Угрюмые, они молча подходили к дровням, счищали с себя снег, выбивали валенки, присаживались отдохнуть и тихо советовались.

- Здесь нету, хорошо прочесали.

- Надо с того краю заехать.

- К Лисьему распадку давайте, а оттуда опять поперек пройдем.

- Ну как ей к Лисьему распадку попадать было? Она ведь проселком шла, где-то здесь должна быть.

- А вдруг она короткой тропой пошагала?

Эта догадка всполошила всех.

- Батюшки! Да ведь там логово, там бирюки ходят!

И женщины, забыв об усталости, снова зажгли фонари и, нахлестывая лошаденок, помчались к Лисьему распадку.

Миша спрятался за сосну.

Азбука Морзе

"Чижик не могла пойти прямой тропой, она даже и поворот на нее не нашла бы... Она где-то здесь, у проселка...- думал Миша,- я должен, должен ее найти. Иначе как мне Лене Павловне в глаза посмотреть?"

Миша туже затянул пояс. Любимая тетрадка хрустнула за пазухой.

"Вот Андрей Николаевич, он бы так не оставил, он бы нашел, придумал бы что-нибудь".

Миша стал прикреплять лыжи. Крепкие веревочки протянулись от лыж к поясу.

"Плохо, что фонаря нет. Ну, ничего, коробок спичек на всякий случай в кармане".

Трудно самому прокладывать лыжню в густом хвойном лесу. Некрепкий наст то и дело проламывается, словно хватает за ноги. Все время надо обходить деревья, кустарники, петлять, словно заяц по снегу, то и дело раздвигать ветви, уберегая глаза. Через каждые несколько шагов Миша останавливается, прикладывает руки ко рту и кричит:

- Чижик, Чижик, ау-ау-ау! Таня-я-я!

Лес молчит.

Только вспугнутый беляк вдруг вырвался из куста и, испуганно прижав уши, бросился наутек, обгоняя задними лапами передние свои ноги.

Изредка завозится на высокой сосне незябнущая птица клест. А вон валяется на снегу мертвая сизая ворона. Бедняга не выдержала бурана. Даже ворона... а как же бедный Чижик?

- Таня! Таня! - кричит Миша, и голос у него дрожит и хрипит.

И вдруг в лесу раздается детский крик, страшный крик, кончающийся всхлипыванием и визгом.

Миша вздрагивает и останавливается... Чижик?!

Но крик повторяется над самой его головой. Да это филин! Вон он сидит на нижней ветке сосны, нос у него крючком, голова как у кошки. Желтые немигающие глаза уставились на Мишу.

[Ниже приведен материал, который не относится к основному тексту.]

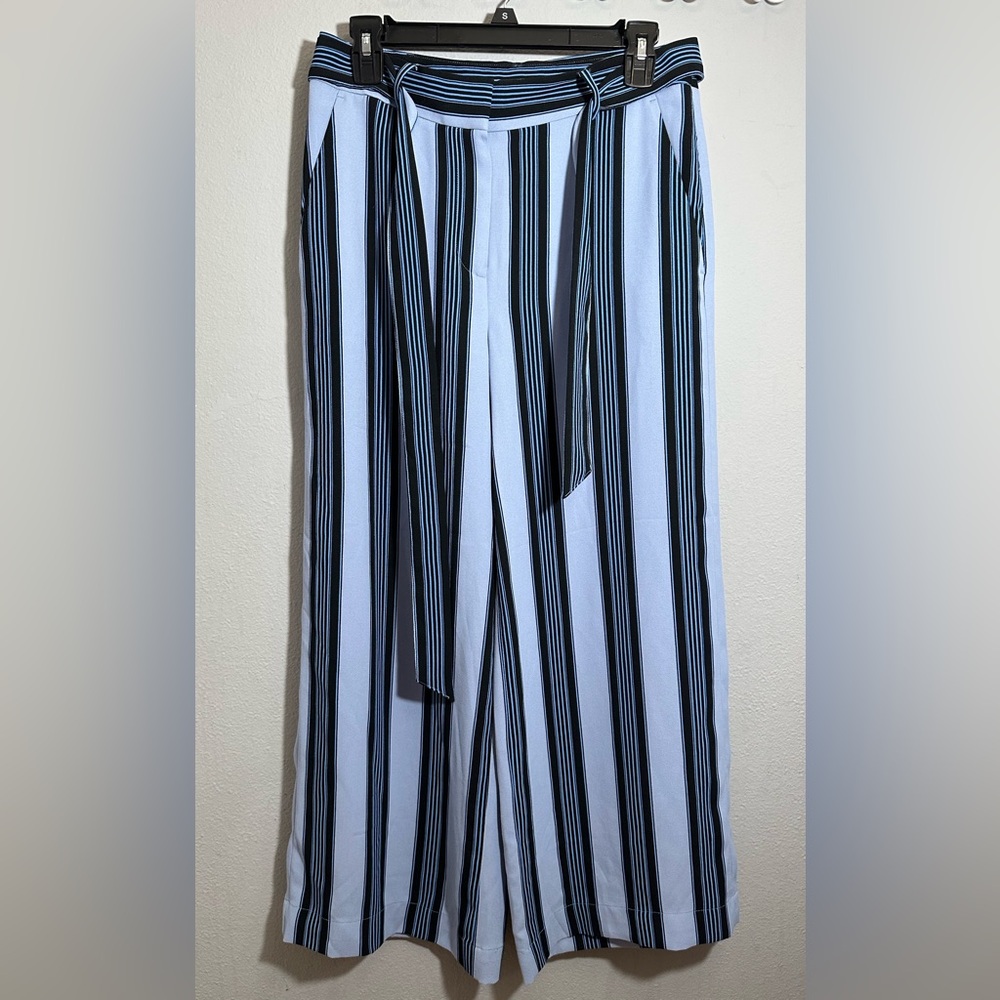 LOFT BLUE & BLACK STRIPED WIDE LEG PANTS FOR WOMEN SIZE 2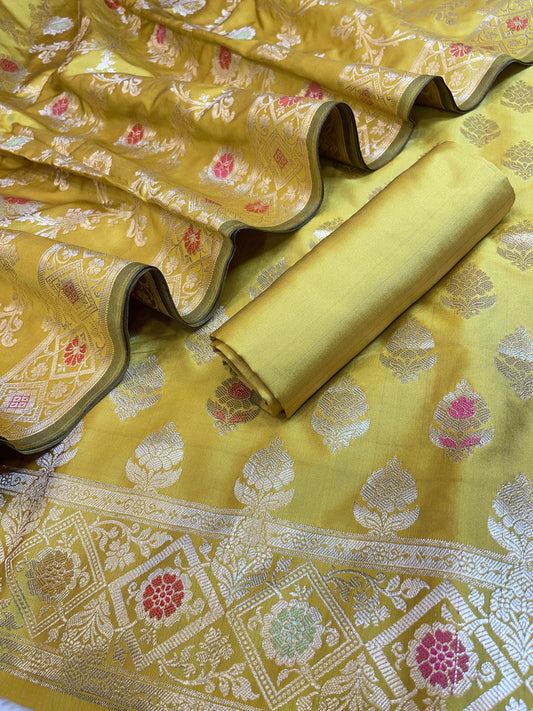 Olive Semi Silk Alfi Mina Zari Booti Minakari Banarasi Suit 1000AJ_SSLK8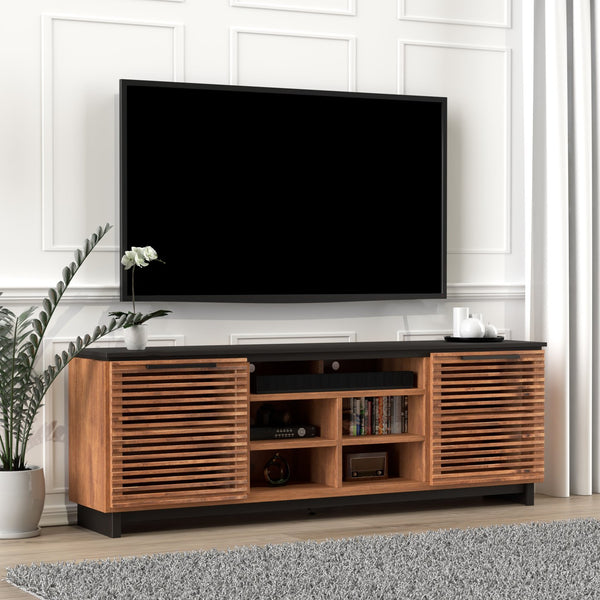 English Elm 85 Inch TV Stand Console Scandinavian Poplar & Okume Two-Tone Bourbon Black, No Assembly, Fits 95" TVs, Cable Management, Ample Storage (Fully Assembled) B108P160163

- У, чудище! - Миша делает крепкий снежок и запускает в зловещую птицу. Филин лениво снимается с места, хлопая твердыми крыльями, перелетает на другую сосну и все так же не спускает желтых глаз с мальчика. Мише делается жутковато. Он убыстряет шаг. Кричит все громче, все чаще. И вдруг у него срывается голос. Изо рта вылетает только хриплый шепот.